Déjà vu! The Legislature Fails to Pass a State Budget by the End of May

Springfield:   May 31 is supposed to be a deadline for passing a state budget in Illinois, but once again, the state has moved into June with no budget passed.

In a series of press conferences that were held after the failure to pass a budget, there were plenty of explanations and finger pointing as to who was to blame for this historic failure to finance the state.   But in a press conference, Senator Dan Biss (D), who is also a candidate for governor, offered the explanation that many in the State Capitol would say is the real reason Illinois continues to have no state budget passed.

Sen Dan Biss blames the budget standoff on a political fight between Speaker Madigan and the Governor

Sen Biss told reporters, “Our state is lost in a tug of war between Mike Madigan and Bruce Rauner, and the rest of us are losing”

The Senate Democrat caucus held their press conference and noted that they HAD produced a budget that accomplished a number of items called for by the governor.

Using the governor’s spending limit of $37.3 Billion, the Senate passed a budget which would fund the state at $37.3 Billion, and raise $5.4 billion in new taxes.
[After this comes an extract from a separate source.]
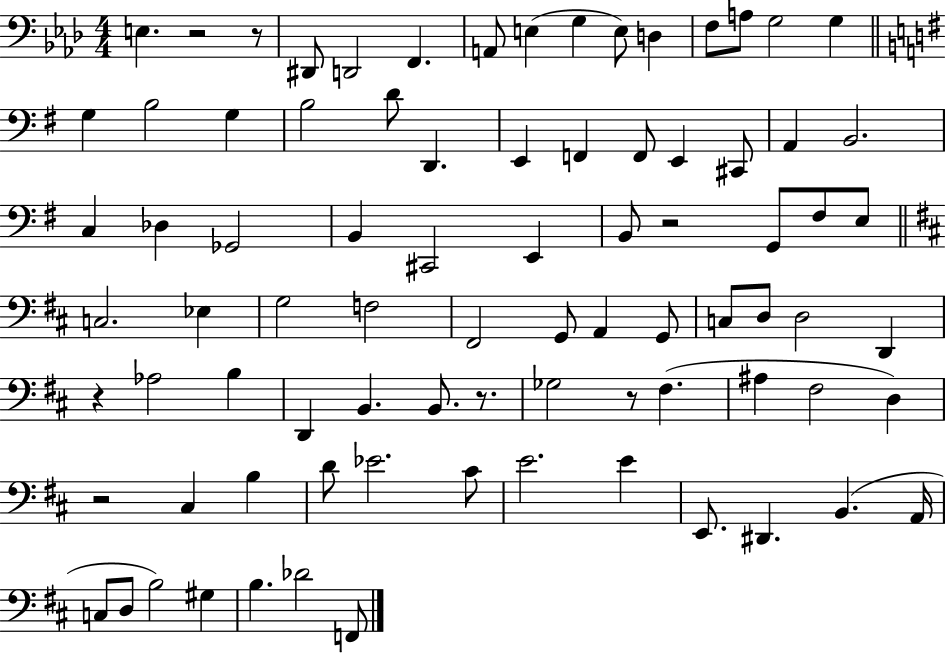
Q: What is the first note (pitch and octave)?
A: E3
But that budget was never passed in the House.

Senate Democrats said they did what the Governor and the House failed to do — make the politically hard decision to raise taxes that would balance a budget that spends $37.3 Billion.

Democrat Senators tell reporters they are the only ones that actually produced a balanced budget

Sen Toi Hutchinson told reporters, “Taxing is not the easy part of governing.”  But she and other Democrat senators said they were the ones who did what needed to be done in balancing the budget and in making the cuts in spending that would limit the growth of government.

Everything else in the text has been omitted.